::: Data for review :::

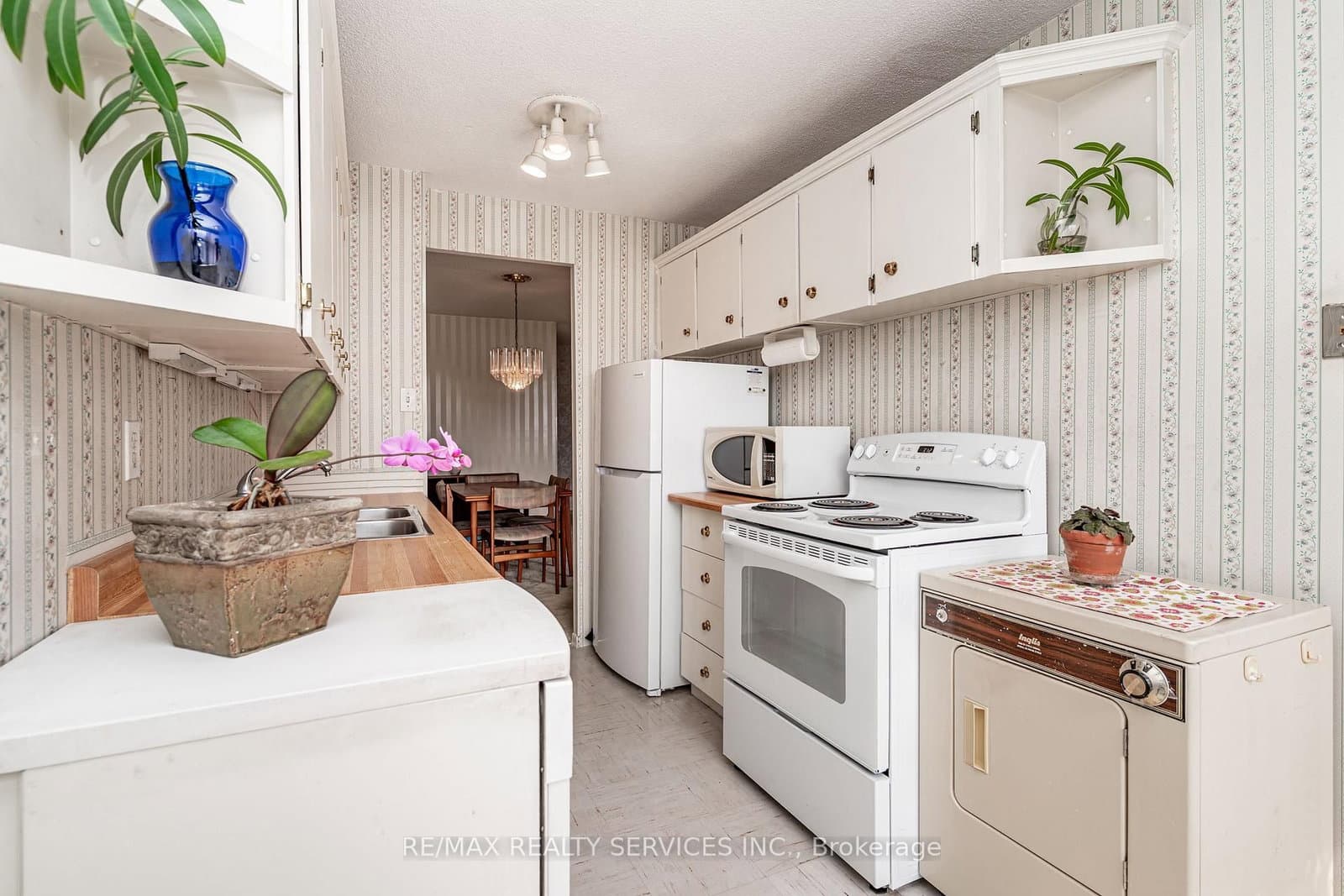 18 Knightsbridge Road, Unit 2102 thumbnail 20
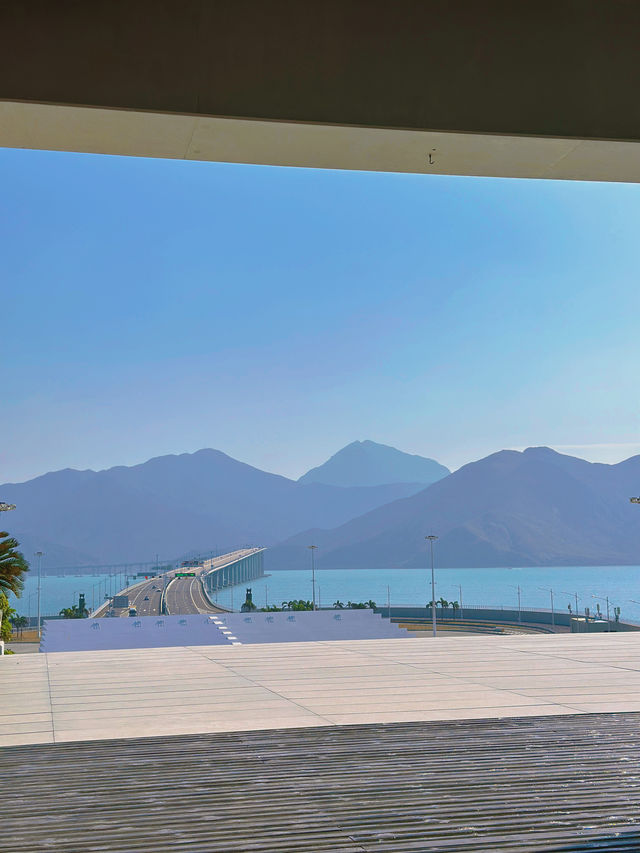 登港珠澳大橋上藍海豚島感受世紀工程 登港珠澳大橋上藍海豚島感受世紀工程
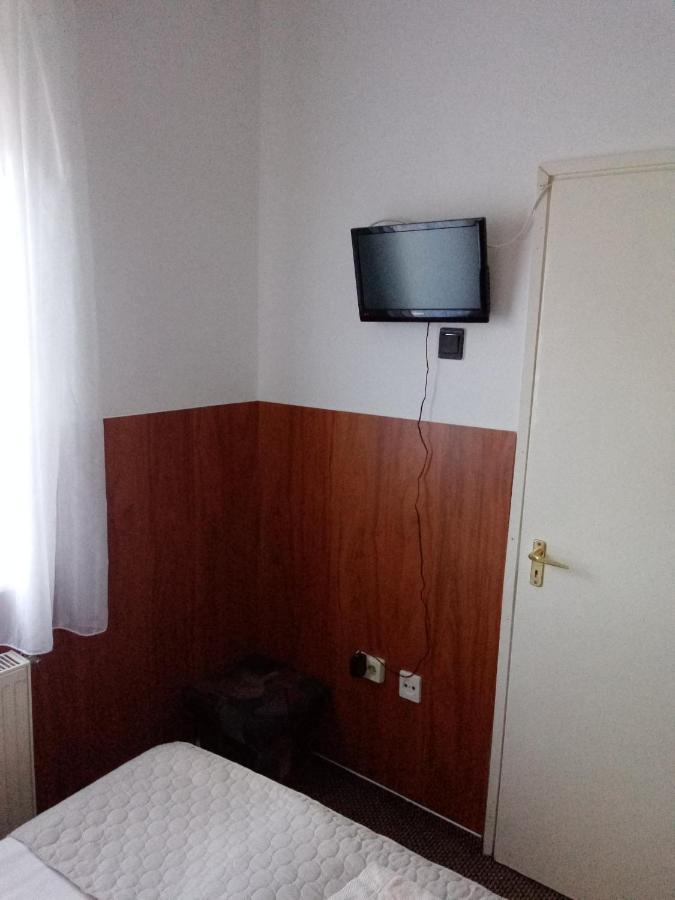 Siesta Vendeghaz Hotel Мисколк Екстериор снимка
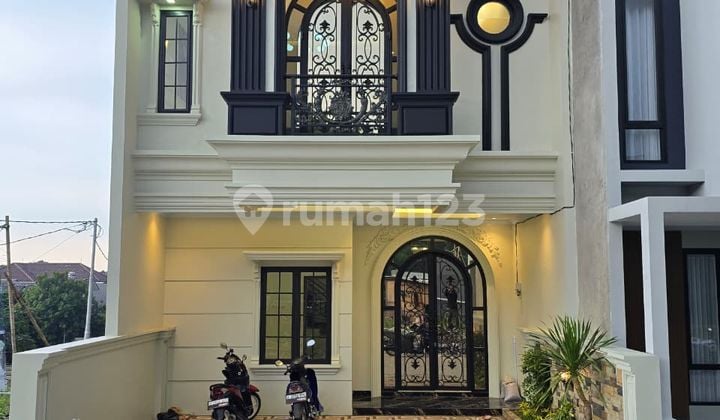 RUMAH DALAM CLUSTER MEWAH SIAP HUNI JAKSEL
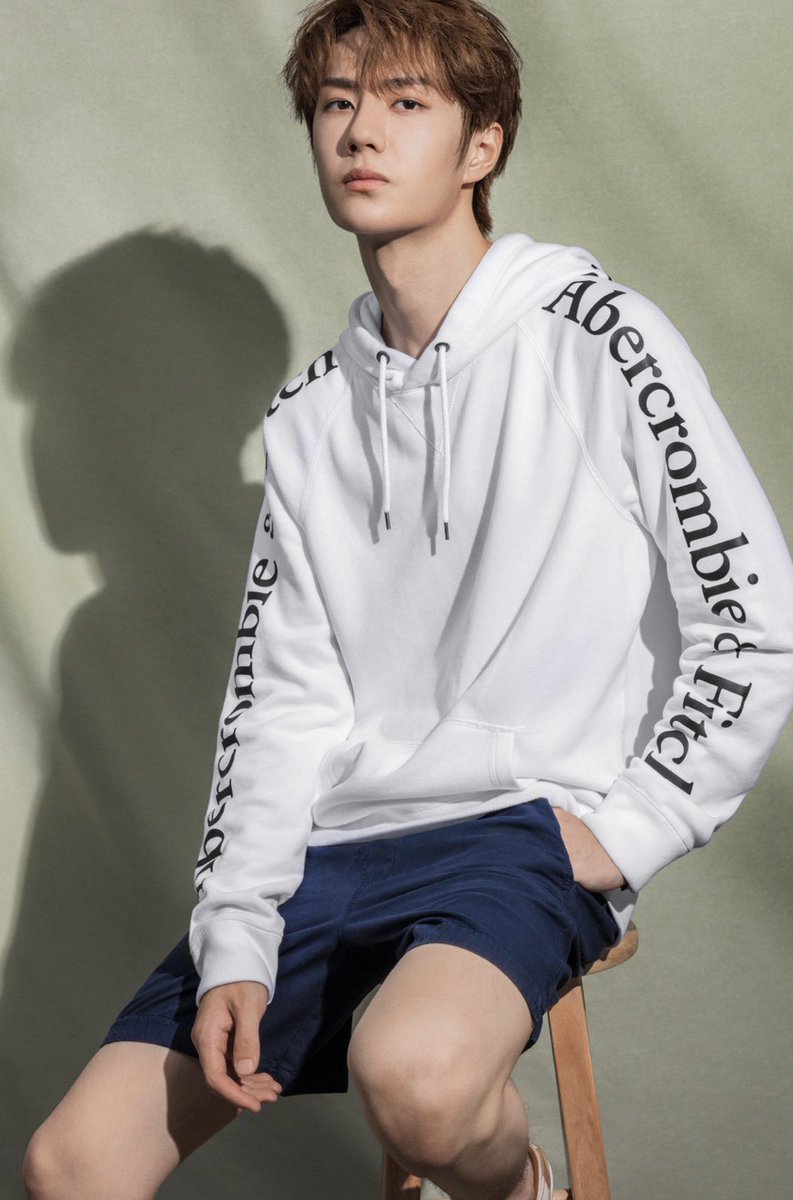 ⭐Star Entertainment⭐

[📢] MODEL DEBUT ANNOUNCEMENT
[📷] Chang Lin x Abercrombie &amp; Fitch Teaser Photo #1

Abercrombie &amp; Fitch Newest Brand Ambassador Chang Lin!

<a href="/xchanglinx/">chang lin 🦊🥂 huali's husband!</a>

Official Release 6.18.2022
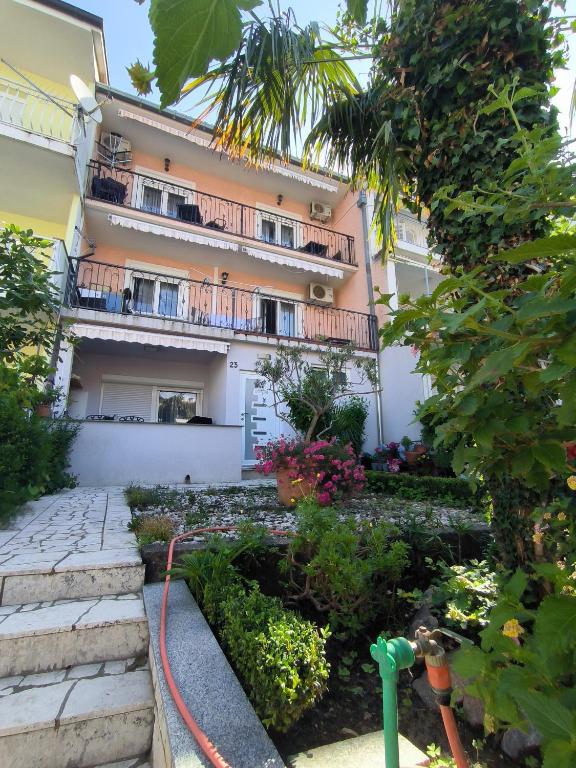 Apartman Ema 2, Crikvenica - B&B Cirquenizza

:::

Scan the entries for lines holding the string "Abercrombie", then copy every one of them.

[📷] Chang Lin x Abercrombie &amp; Fitch Teaser Photo #1
Abercrombie &amp; Fitch Newest Brand Ambassador Chang Lin!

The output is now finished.